On Lap 211, Blaney saw his No. 12 Ford spin leaving the access road coming out of the pits, the result of an accidental downshift from high to low gear. It came not long after Blaney was running in the P2 position, a potential result that would’ve put him in a reasonably comfortable position heading into next Sunday’s Round of 8 finale at Martinsville Speedway, a track at which he owns the best average finish (10.2) among active drivers.

Instead of what was shaping up to be exactly the kind of rebound race the No. 12 team needed to escape the hole of minus-11 points to the bubble heading into Homestead, he leaves the 305 with an even deeper deficit at minus-18.

“Being as many points as we are out, you know you hope you can … it’s kind of like a must-win,” Blaney said. “I don’t see us making up that many points, so just go try to put yourself in a position to win the race. I don’t think we can point our way in, honestly. I think we’re too far out. So just gonna go do the best you can, you never know what’s gonna happen. Just try to run up front, put yourself in a spot to win the race. That’s all you can do.”

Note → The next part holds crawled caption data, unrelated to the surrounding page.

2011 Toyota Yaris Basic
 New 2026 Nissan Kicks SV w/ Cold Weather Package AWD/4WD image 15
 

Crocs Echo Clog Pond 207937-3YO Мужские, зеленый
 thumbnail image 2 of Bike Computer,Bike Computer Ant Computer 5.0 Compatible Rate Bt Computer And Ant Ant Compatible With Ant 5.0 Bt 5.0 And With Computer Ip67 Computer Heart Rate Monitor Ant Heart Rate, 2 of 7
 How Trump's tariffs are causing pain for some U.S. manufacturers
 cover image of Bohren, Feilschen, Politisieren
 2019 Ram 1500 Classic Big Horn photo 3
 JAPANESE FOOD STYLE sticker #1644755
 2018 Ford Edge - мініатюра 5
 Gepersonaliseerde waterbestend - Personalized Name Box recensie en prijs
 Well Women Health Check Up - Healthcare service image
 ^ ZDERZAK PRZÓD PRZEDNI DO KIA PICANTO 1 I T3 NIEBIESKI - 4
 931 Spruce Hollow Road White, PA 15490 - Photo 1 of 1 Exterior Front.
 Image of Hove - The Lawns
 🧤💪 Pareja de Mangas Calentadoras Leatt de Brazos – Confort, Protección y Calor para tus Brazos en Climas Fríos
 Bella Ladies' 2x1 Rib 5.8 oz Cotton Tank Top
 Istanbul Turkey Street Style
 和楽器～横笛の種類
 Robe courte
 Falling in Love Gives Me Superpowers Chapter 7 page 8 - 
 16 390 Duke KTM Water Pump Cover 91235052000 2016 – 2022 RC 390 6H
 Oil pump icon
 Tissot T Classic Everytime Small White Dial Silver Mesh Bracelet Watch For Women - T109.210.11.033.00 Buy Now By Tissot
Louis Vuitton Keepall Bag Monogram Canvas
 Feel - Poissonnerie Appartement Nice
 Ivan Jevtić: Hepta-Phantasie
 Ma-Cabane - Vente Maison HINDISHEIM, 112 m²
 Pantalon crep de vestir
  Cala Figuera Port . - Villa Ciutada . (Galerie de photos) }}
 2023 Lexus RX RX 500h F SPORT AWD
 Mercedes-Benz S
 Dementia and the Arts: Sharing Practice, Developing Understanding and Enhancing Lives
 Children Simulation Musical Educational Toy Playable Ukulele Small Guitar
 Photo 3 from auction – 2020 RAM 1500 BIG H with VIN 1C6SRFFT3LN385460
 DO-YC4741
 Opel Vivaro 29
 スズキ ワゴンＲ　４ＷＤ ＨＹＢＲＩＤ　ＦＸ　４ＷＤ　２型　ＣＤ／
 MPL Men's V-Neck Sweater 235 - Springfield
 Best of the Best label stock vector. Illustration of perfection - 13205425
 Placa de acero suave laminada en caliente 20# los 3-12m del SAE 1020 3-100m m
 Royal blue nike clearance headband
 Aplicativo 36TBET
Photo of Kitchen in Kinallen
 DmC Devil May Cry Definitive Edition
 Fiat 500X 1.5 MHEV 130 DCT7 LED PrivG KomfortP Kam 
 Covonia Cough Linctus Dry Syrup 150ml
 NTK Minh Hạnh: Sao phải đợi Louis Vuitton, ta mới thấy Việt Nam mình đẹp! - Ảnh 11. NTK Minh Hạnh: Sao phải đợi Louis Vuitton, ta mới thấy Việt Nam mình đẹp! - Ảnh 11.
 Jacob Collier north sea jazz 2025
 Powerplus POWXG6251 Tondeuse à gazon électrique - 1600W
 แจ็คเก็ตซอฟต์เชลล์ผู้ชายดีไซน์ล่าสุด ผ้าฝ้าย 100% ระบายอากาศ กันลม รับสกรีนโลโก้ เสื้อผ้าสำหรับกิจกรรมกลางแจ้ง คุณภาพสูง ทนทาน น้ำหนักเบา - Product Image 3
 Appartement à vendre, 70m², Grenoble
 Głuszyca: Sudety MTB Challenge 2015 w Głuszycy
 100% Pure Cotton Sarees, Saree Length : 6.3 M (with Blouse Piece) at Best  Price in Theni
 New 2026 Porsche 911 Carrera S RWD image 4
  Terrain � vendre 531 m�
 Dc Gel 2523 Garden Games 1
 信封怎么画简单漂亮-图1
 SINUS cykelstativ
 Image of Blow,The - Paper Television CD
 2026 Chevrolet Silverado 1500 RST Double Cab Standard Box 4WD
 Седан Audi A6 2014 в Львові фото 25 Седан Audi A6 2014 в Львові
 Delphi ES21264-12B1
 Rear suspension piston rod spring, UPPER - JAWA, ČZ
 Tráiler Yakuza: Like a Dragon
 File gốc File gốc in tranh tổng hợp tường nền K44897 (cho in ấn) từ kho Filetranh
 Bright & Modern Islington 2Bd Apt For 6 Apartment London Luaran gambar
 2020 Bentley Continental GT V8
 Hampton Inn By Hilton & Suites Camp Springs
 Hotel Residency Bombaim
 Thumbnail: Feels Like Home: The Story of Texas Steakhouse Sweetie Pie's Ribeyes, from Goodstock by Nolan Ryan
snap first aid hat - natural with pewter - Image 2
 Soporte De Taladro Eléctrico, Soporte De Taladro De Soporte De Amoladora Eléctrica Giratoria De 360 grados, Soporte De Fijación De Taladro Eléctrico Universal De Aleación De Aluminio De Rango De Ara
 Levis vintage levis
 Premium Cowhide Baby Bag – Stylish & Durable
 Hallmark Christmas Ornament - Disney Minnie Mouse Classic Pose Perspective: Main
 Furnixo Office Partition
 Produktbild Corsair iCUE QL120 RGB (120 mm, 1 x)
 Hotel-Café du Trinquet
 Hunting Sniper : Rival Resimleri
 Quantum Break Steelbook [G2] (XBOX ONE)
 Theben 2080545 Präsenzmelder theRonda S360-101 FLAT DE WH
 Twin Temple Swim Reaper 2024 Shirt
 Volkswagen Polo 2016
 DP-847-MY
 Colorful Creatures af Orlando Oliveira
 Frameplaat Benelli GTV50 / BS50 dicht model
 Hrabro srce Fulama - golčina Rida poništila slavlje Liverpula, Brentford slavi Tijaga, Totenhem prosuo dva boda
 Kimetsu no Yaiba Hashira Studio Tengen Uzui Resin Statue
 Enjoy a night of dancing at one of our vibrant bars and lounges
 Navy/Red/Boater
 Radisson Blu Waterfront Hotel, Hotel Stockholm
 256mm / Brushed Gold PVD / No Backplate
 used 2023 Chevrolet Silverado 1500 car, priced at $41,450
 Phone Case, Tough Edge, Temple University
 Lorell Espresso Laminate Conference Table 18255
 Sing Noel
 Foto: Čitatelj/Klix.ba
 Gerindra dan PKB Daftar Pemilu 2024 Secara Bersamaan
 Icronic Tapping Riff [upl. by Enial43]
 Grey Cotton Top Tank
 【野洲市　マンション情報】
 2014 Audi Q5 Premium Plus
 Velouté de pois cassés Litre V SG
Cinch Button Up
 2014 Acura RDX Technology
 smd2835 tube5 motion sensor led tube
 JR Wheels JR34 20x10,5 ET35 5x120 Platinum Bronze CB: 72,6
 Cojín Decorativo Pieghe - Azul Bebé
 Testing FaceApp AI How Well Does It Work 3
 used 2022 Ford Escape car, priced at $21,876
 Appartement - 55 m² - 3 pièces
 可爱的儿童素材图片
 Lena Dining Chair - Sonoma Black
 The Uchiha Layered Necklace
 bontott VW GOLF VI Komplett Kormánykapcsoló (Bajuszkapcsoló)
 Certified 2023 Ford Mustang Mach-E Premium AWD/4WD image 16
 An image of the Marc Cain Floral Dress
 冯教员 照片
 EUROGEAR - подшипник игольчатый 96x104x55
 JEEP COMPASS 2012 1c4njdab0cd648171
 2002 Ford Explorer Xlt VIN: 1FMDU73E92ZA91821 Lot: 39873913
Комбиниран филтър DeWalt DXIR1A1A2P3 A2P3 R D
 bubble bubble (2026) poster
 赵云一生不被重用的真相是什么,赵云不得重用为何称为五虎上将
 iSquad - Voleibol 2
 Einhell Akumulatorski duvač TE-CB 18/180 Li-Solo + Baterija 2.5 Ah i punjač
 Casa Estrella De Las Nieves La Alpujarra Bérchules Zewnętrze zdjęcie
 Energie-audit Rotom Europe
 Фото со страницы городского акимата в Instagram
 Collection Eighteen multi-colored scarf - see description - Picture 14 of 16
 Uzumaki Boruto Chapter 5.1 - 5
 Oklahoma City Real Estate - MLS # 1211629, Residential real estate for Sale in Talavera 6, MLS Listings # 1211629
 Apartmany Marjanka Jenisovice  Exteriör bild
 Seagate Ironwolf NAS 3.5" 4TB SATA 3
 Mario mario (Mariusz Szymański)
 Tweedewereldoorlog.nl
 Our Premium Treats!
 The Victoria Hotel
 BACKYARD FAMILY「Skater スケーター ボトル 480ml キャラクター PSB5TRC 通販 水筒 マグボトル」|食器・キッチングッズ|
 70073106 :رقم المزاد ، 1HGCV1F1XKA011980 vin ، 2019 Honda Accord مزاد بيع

While far from a banner day for the No. 24 Chevrolet team, fellow playoff contender William Byron also had a bit of an up-and-down day, showing strength in both of the opening stages (2nd, 3rd, respectively) before a major hiccup by his team on pit road nearly washed it all away. A loose wheel during a Lap 207 pit stop necessitated a reversal by the No. 24 driver to get it tightened, which subsequently was followed by his Chevy stalling briefly as he attempted to drive off again. He recovered to finish a respectable 12th, but if it weren’t for those stage points and a fast car to race back through the field he could’ve been looking at perhaps a must-win situation in Virginia.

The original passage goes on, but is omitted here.